Making tall timber buildings fire safe

PhD Student, Hangyu Xu, in front of the fire test room. Credit: ARC Future Timber Hub.

The ARC Industrial Transformation Research Hub to Transform Future Tall Timber Buildings (ARC Future Timber Hub) is a leading timber research collaboration, administered by The University of Queensland, bringing together experts from industry, government, and academia who are committed to the future development of safe tall timber buildings in the Pacific region.

 

The ARC Future Timber Hub is building a body of research evidence to guide the establishment of clear guidelines for timber-based construction for tall timber buildings in Australia.

The results for fire testing have now enabled the validation of the proposed design framework, opening the way for performance-based design of mass timber buildings by fire safety engineers.
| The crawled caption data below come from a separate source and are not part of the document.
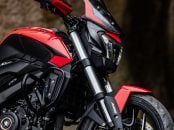 Bajaj Dominar 400 (1)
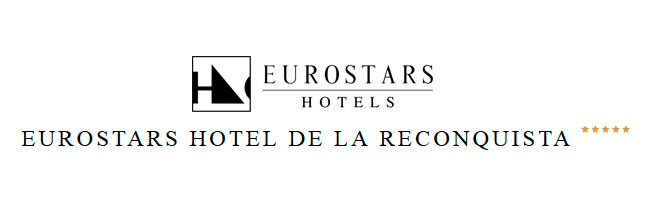 Web: Eurostars Hotel de La Reconquista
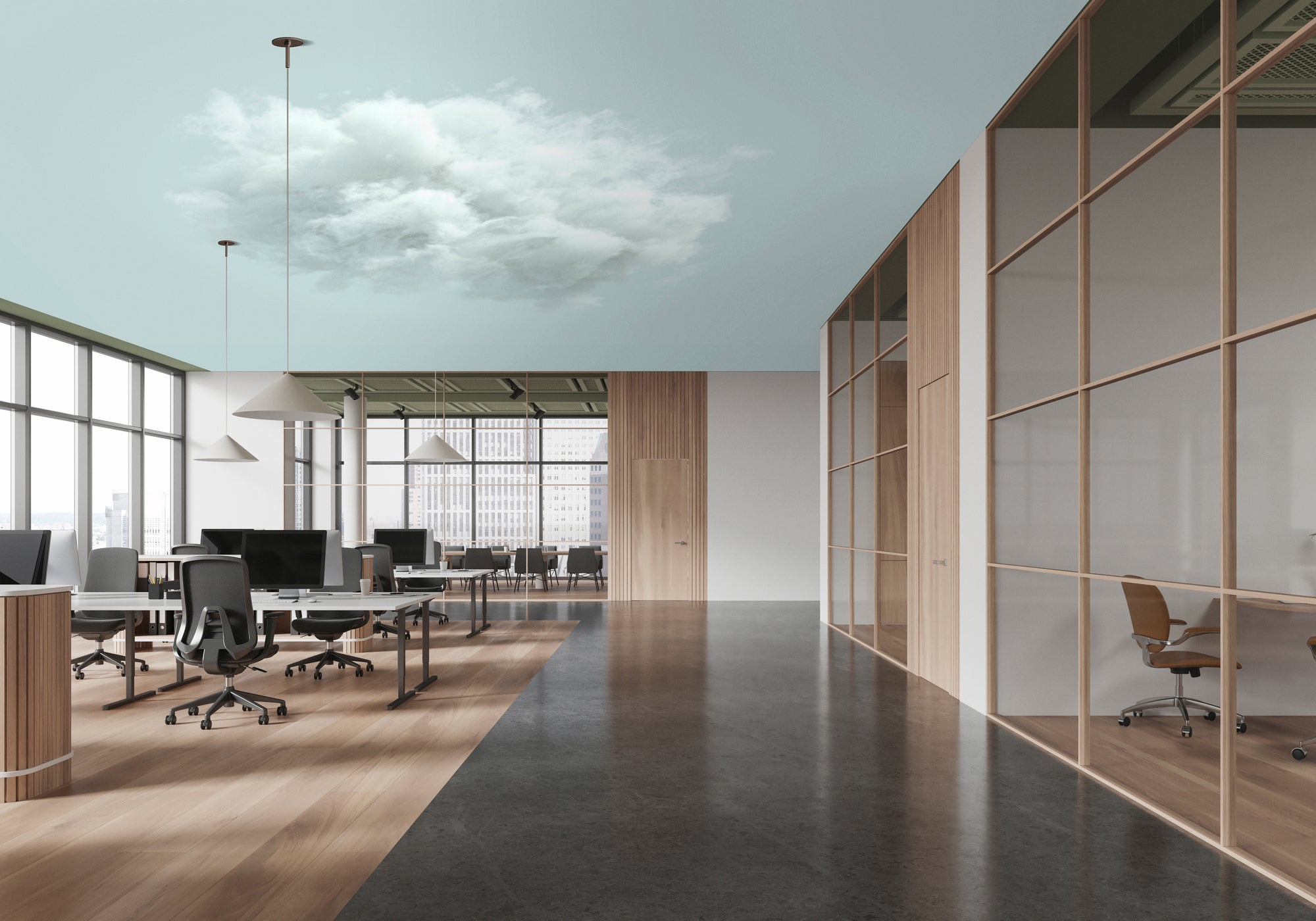 Fototapete im Digitaldruck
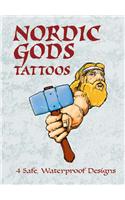 Nordic Gods Tattoos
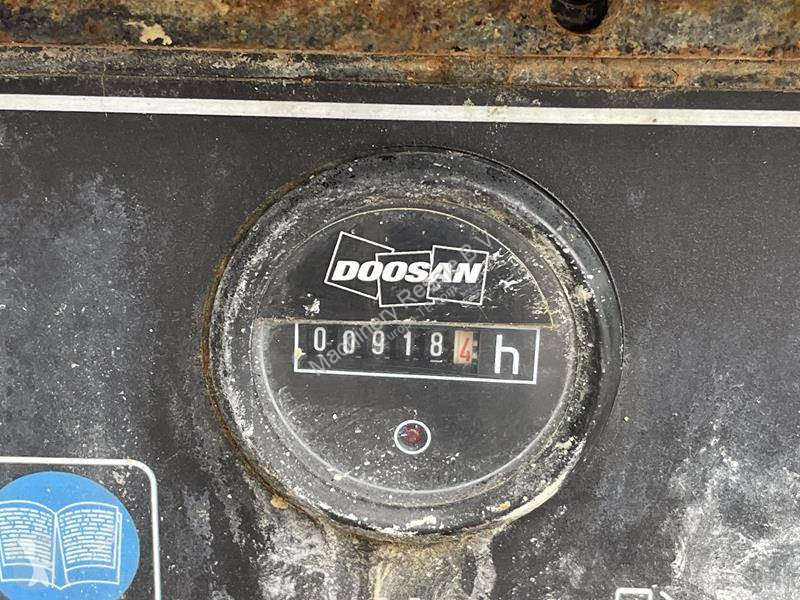 Matériel de chantier Doosan 7 / 41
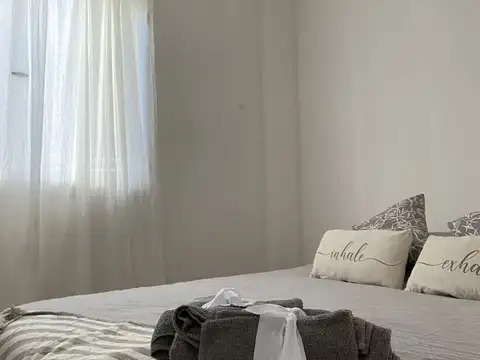 ALQUILER TEMPORAL DEPTO 2 AMBIENTES BARRIO CHINO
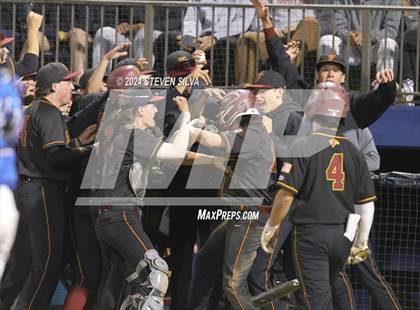 Thumbnail 3 in Rancho Bernardo vs. Torrey Pines (CIF SDS Open Division Final) photogallery.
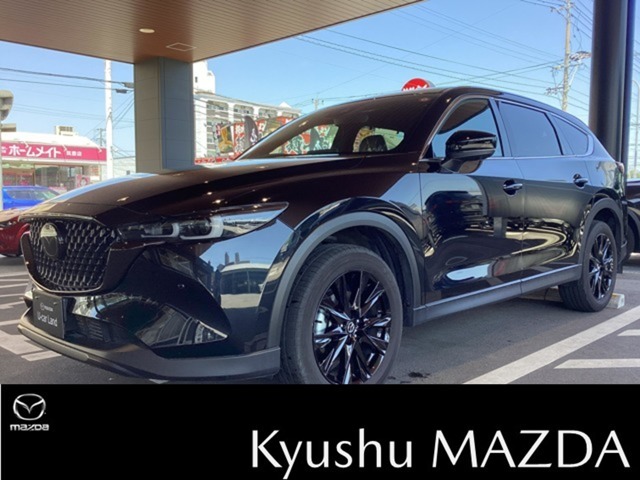 KG型CX-8入荷しました！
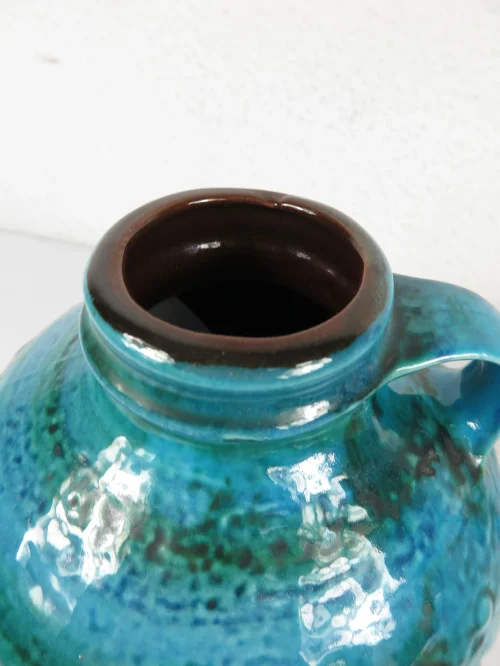 Bild 5 von 70s vase turquoise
The Hub's research team is advancing the science of tall timber construction including the development of design solutions for engineered wood products such as Cross-Laminated Timber (CLT). Engineered wood products have multiple beneficial qualities including having naturally-insulative properties, advantageous structural performance, sustainability, and aesthetic features. They also use sustainably managed plantations, and prefabricated construction technologies that minimise waste while enhancing building quality and performance.

To ensure the fire-safe use of mass timber structures in tall timber buildings, researchers from the Hub have developed a design framework to define the conditions that enable the self-extinction of mass engineered timber. This is especially important for timber used in tall buildings, where there is a fear of massive conflagrations and fire-induced progressive collapse.

With industry partners including Hyne Timber, XLam, Queensland Fire and Emergency Services, Lendlease, Knauf and Rockwool International, the team conducted a series of 6 large-scale compartment fire tests to validate the framework. Each test was equipped with more than 500 sensors and a 14m-high buoyancy calorimeter used to acquire essential data for characterising the fire behaviour.

Researchers from the Hub were also among the winners of Australia’s 2020 Good Design Awards – the highest honours for design and innovation in the country – receiving a prestigious Good Design Award Gold Accolade in the Engineering Design category for their ‘Suspended Remnants’ timber pavilion, in recognition of the structure’s outstanding design and innovation.

The pavilion, a structure created from a collaboration between two Hub project teams, with additional research partners at Swinburne University of Technology, and Hyne Timber, showcased how under-valued sawmill products can be turned into value-added timber structures. The team coupled inventory constrained design with a form finding process called funicular modelling, famously used by Antoni Gaudi over a century ago.